When decomposing an L-shape into two rectangles, the sections must share no overlap. If your L-shape is 20×4 + 8×4 with the short arm extending off the long arm, define them so neither section covers the same square footage. If you include the corner in both rectangles, you'll overestimate volume.
Frequently Asked Questions
Calculate the volume of each shape separately using its geometric formula, convert all volumes to cubic yards, sum them to get your net total, then apply a single waste factor (typically 10%) to the combined total. This is exactly what this calculator does — add each shape one at a time and click Calculate Total when done. Never apply the waste factor per shape, as that distorts the proportional over-order.
Volume of a cylinder in cubic feet = π × (diameter ÷ 2)² × depth. Divide by 27 to get cubic yards. For example, an 8-inch diameter hole at 36 inches deep: radius = 4 in = 0.333 ft; depth = 3 ft; volume = 3.14159 × 0.333² × 3 = 1.047 ft³ = 0.039 yd³. For 10 such holes, you need about 0.39 yd³ net — roughly half a cubic yard with a 10% waste factor. Use the cylinder shape type in this calculator to skip the manual math.
Yes.

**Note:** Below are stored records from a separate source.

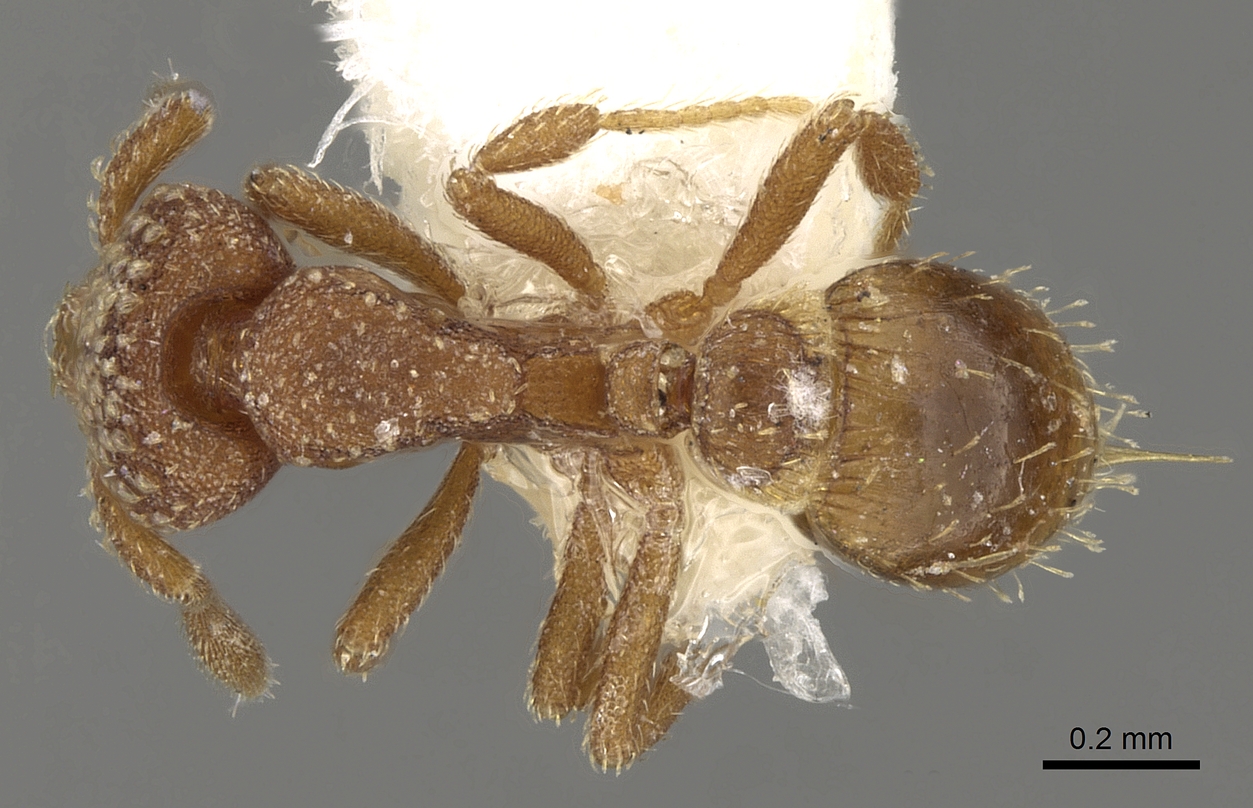 Strumigenys argiola, vista dorsale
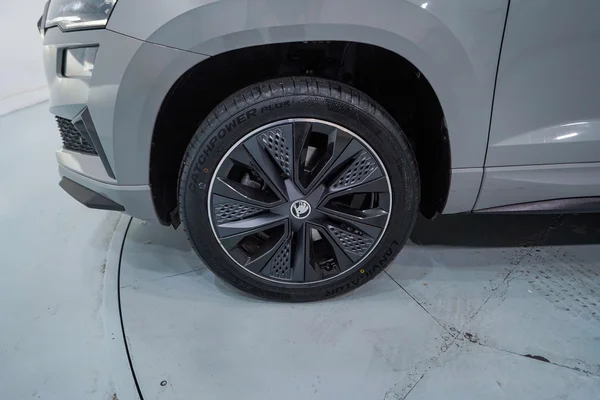 Skoda Karoq (2022) — foto 2 van 49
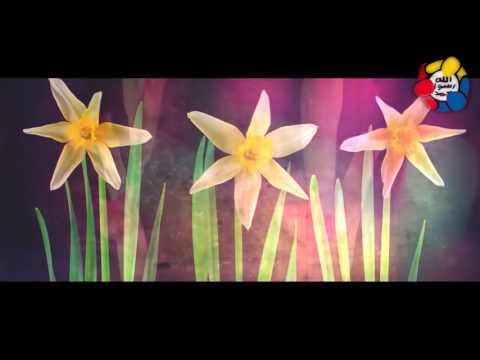 One of the Most Romantic Love Stories In Islam | Suhayla & Farooq | Jalal Ibn Saeed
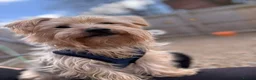 Mixed Breed dogs for sale: English Bulldog × Yorkshire Terrier Puppies in Newcastle upon Tyne - Advert 17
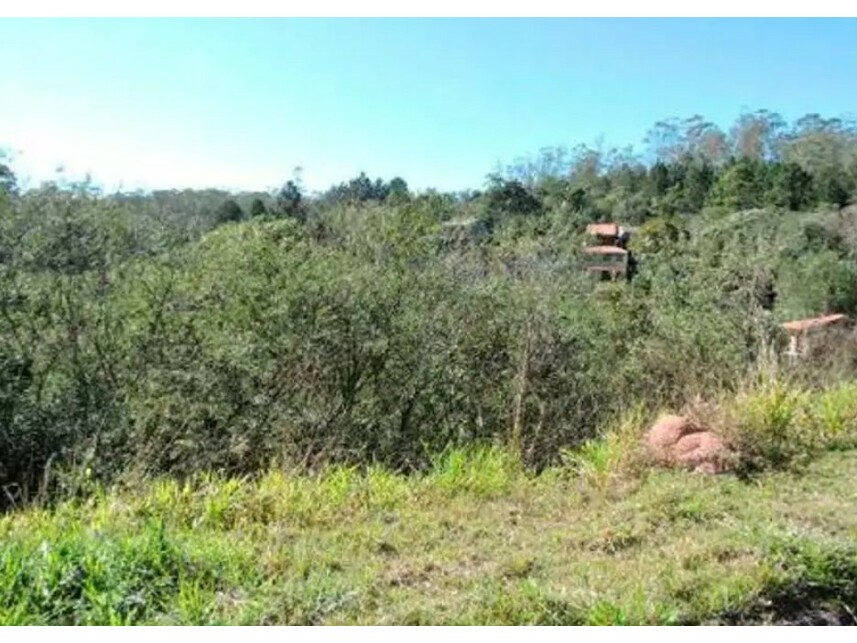 Imagem 14 do Leilão de Terreno - Aldeinha - Itapecerica da Serra/SP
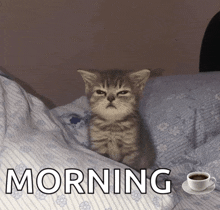 a kitten sits on a bed next to a cup of coffee and the words morning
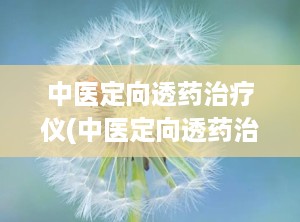 中医定向透药治疗仪(中医定向透药治疗仪的治疗原理功能是什么)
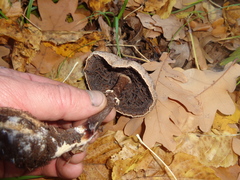 Tephrocybe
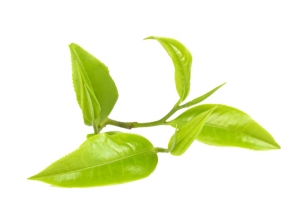 春茶免费素材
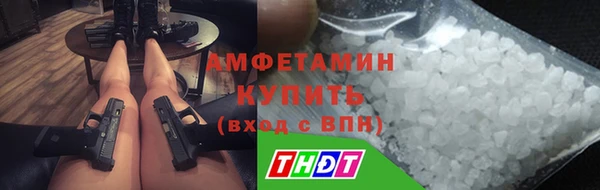метадон Богданович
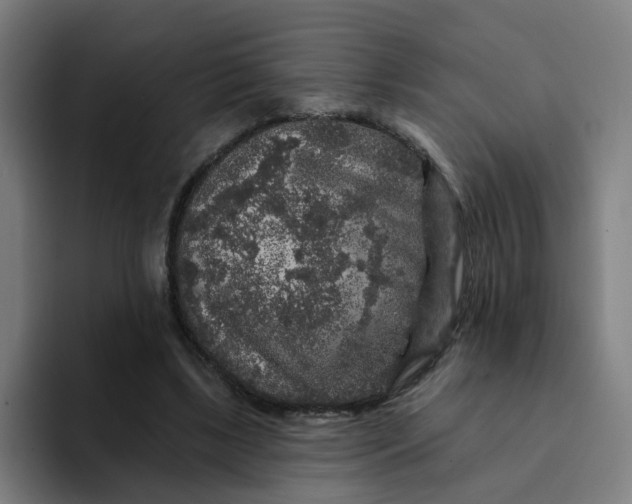 X0000094190443200711161751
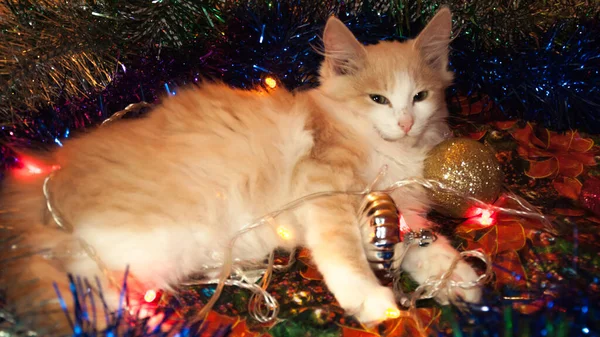 Gato Está Acostado Los Juguetes Navidad Las Luces Brillantes — Foto de Stock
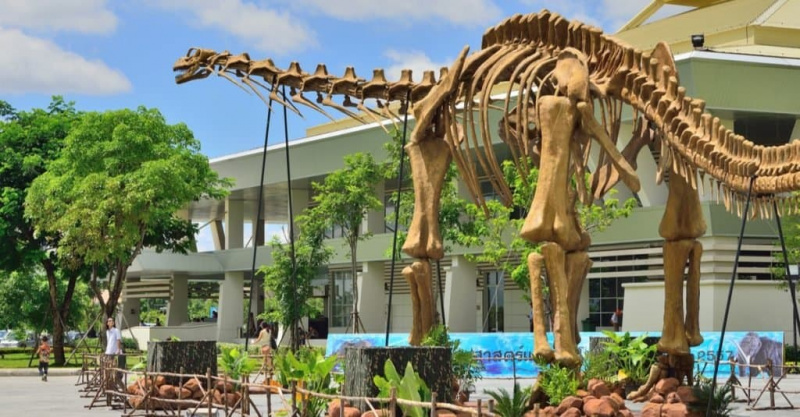  Didžiausi dinozaurai: Argentinosaurus huinculensis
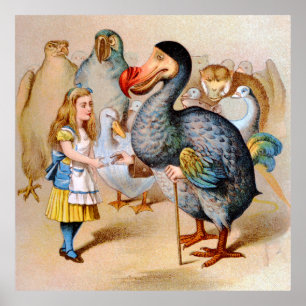 Poster Alice et Dodo Bird au pays des merveilles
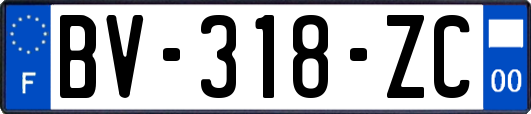 BV-318-ZC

Use the L-Shape type for L- or U-shaped slabs by entering two rectangular sections with the same depth. For a U-shape, decompose it into either two parallel arms (two rectangles), or one large rectangle minus a rectangular void — the latter requires you to calculate the void separately using Rectangle and subtract it from your total manually before entering. For most L-shapes, the two-rectangle approach is exact. For U-shapes, two parallel arm rectangles is typically easier.
Circular ring volume (ft³) = π × (R_outer² − R_inner²) × height, where R is radius in feet. For example, a manhole ring with a 48-inch outer diameter, 36-inch inner diameter, and 12-inch height: R_outer = 2 ft, R_inner = 1.5 ft; V = 3.14159 × (4 − 2.25) × 1 = 5.497 ft³ = 0.204 yd³. This shape appears in culvert collars, cistern walls, septic rings, pipe surrounds, and decorative circular garden features.

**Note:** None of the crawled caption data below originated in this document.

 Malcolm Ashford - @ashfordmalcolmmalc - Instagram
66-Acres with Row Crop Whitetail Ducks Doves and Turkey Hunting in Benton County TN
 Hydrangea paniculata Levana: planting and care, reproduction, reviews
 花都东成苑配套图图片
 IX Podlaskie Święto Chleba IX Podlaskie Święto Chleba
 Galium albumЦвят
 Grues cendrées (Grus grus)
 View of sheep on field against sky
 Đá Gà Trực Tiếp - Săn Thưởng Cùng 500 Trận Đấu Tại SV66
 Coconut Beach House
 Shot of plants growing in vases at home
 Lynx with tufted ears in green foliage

Only if different sections require different mix designs (different PSI, air entrainment, or fiber content) or if there's a time gap between pours that would create a cold joint. For most residential projects — a slab plus footings, or a walkway plus landing pad — pour everything in a single truck order. Ready-mix plants charge short-load fees for orders under 3–4 cubic yards, so combining shapes into one pour is almost always more economical than splitting into multiple deliveries.
An 80 lb bag yields 0.60 cubic feet of concrete. A standard 10-inch diameter hole at 36 inches deep is about 1.64 ft³, so you'd need 3 bags of 80 lb concrete per hole. A 12-inch hole at 48 inches deep is 3.77 ft³ — roughly 6–7 bags. Post holes for deck footings are typically sized to match the frost line depth in your region. For 8 or more holes, consider ready-mix if the volume totals over 1 cubic yard — it's faster and you'll get a more consistent mix.
Yes, by decomposition. Any polygon can be broken into a combination of rectangles and triangles. Add each piece as a separate shape in this calculator. For a hexagonal pad, divide it into 6 equilateral triangles. For a trapezoid, use one rectangle plus one or two right triangles. The more shapes you add, the more accurate your total. This technique is standard practice in estimating — surveyors and contractors use it on paper plans before CAD software became common.
Use 10% for straightforward multi-shape pours where each section is clearly defined and easy to form accurately. Increase to 12–15% when shapes are complex, forms are custom-built (rather than rented prefab), or when you're working with curved or irregular elements. Never go below 8% even on simple rectangular pours — subgrade is never perfectly flat and transit mixing results in small volume loss. For first-time pours or projects with multiple triangular or cylindrical shapes, 15% is not excessive.
This calculator does not automatically handle corner overlap — it's your responsibility to enter two non-overlapping rectangles. The standard approach: define Rectangle A as the full-length arm of the L (from end to end), then define Rectangle B as the perpendicular arm excluding the shared corner. For example, an L-shape that is 12 ft long × 4 ft wide with a 6 ft × 3 ft arm: enter Rect A as 12×4 and Rect B as 6×3 with the 3 ft not overlapping the 4 ft width. Sketch your L on paper and mark each section's boundaries before measuring.